Ayrıca geminin “terör örgütü olarak tanımlanmış bir yapı tarafından işletildiğini” iddia eden Hegseth, “Uyuşturucu trafiğini sürdürmeye devam ederseniz, sizi öldüreceğiz,” diye ekledi.
ABD Başkanı Donald Trump, Washington’un “uyuşturucu kartelleriyle silahlı çatışma halinde” olduğunu ve bu grupların işlettiği teknelerin yabancı terör örgütlerine ait olduğunu öne sürerek saldırıları savundu.
Ancak yönetim, bu iddialara ilişkin herhangi bir kanıt veya ek ayrıntı sunmadı.

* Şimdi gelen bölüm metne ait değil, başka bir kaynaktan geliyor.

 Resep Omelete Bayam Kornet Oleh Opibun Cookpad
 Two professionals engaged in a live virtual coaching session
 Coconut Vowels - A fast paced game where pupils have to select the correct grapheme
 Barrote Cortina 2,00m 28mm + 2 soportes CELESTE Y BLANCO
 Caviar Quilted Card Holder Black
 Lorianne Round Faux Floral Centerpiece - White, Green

Savunma Bakanı Pete Hegseth ve ABD Dışişleri Bakanı Marco Rubio, Çarşamba günü Kongre liderlerinden oluşan küçük bir gruba genişleyen askeri operasyon hakkında bilgi verdi.

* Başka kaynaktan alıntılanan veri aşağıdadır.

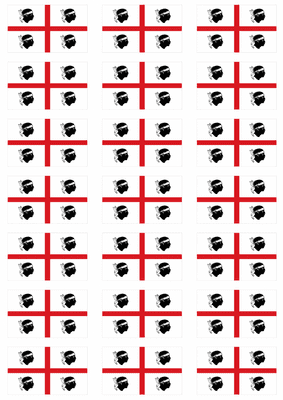 Sardinia Flag Stickers - 21 per sheet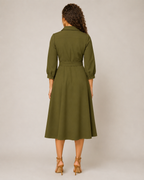 Mirelle - Dames Midi-wikkeljurk Met Ceintuur En Kraag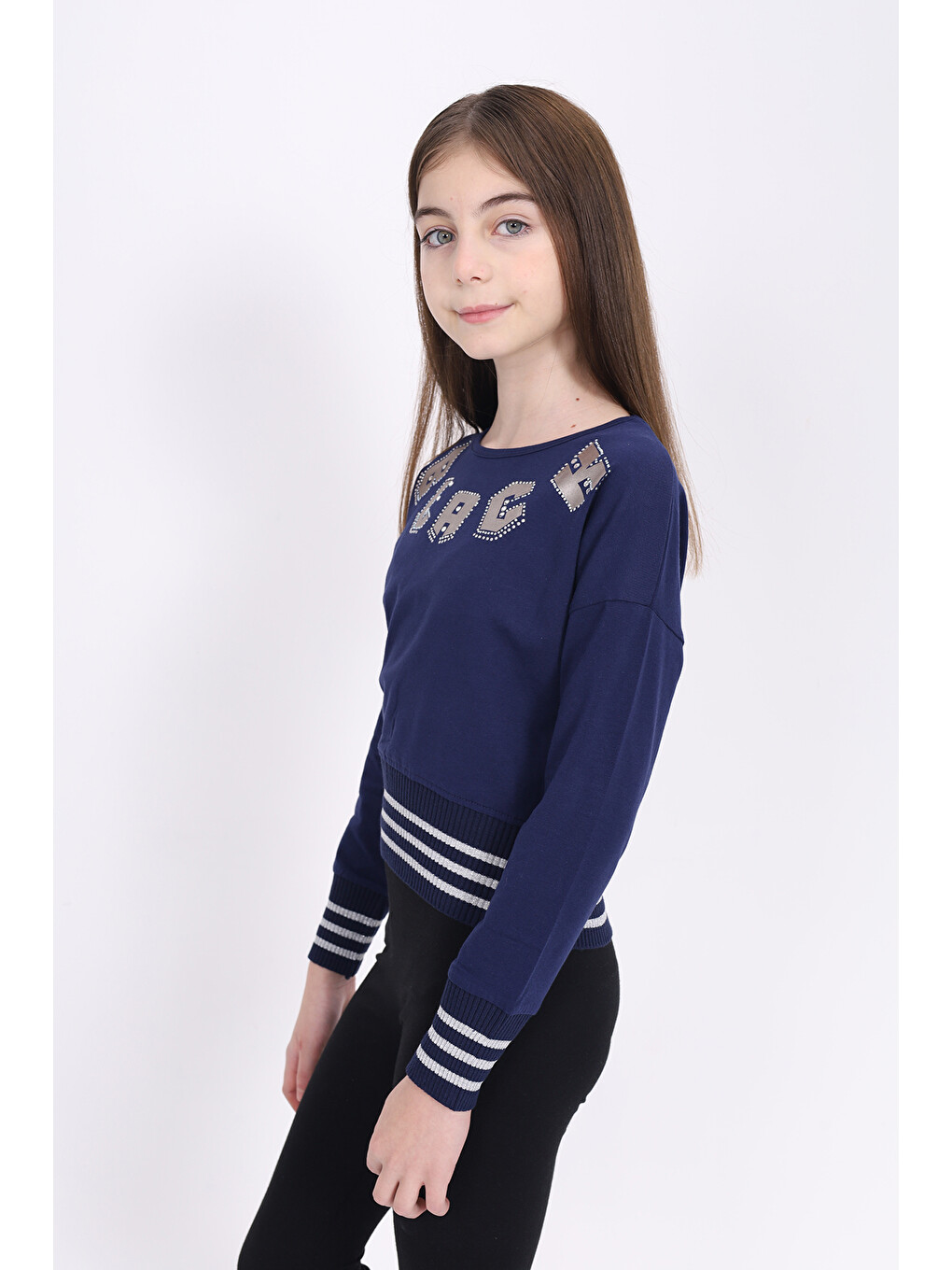 Ekru Kız Çocuk Sweatshirt Black Varak Baskılı-7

Bu toplantı, saldırıların arkasındaki hukuki gerekçelere ve stratejiye dair üst düzey ilk açıklamalardan biri olarak değerlendirildi.

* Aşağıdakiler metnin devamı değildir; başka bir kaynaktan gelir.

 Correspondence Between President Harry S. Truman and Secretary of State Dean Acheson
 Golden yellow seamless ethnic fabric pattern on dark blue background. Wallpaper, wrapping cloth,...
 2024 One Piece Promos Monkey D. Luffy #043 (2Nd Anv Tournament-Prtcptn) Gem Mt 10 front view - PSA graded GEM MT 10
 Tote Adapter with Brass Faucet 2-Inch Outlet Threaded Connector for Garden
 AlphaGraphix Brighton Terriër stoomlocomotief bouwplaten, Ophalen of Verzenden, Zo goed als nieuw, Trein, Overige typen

Cumhuriyetçi üyeler toplantı sonrası ya sessiz kaldı ya da kampanyaya güvenlerini dile getirdi. Demokratlar ise, saldırı prosedürleri ve bu eylemlerin yasal dayanaklarına dair daha fazla bilgi talep etti.
Eleştirmenler, uluslararası ve ABD hukukunu ihlal ettiği gerekçesiyle, açık denizlerde iddia edilen uyuşturucu kaçakçılarının öldürülmesini sorguluyor.
Venezuela ve Kolombiya, söz konusu saldırıları yargısız infaz olarak niteleyerek kınadı. Trump yönetimi ise bu suçlamaları reddetti.
Washington son dönemde, Venezuela Devlet Başkanı Nicolas Maduro yönetimine yönelik söylemini sertleştirdi.
Bu durum, ABD’nin ülke topraklarında olası bir askeri müdahalede bulunabileceği yönünde endişeleri artırdı. Trump ise böyle bir niyetleri olmadığını savunuyor.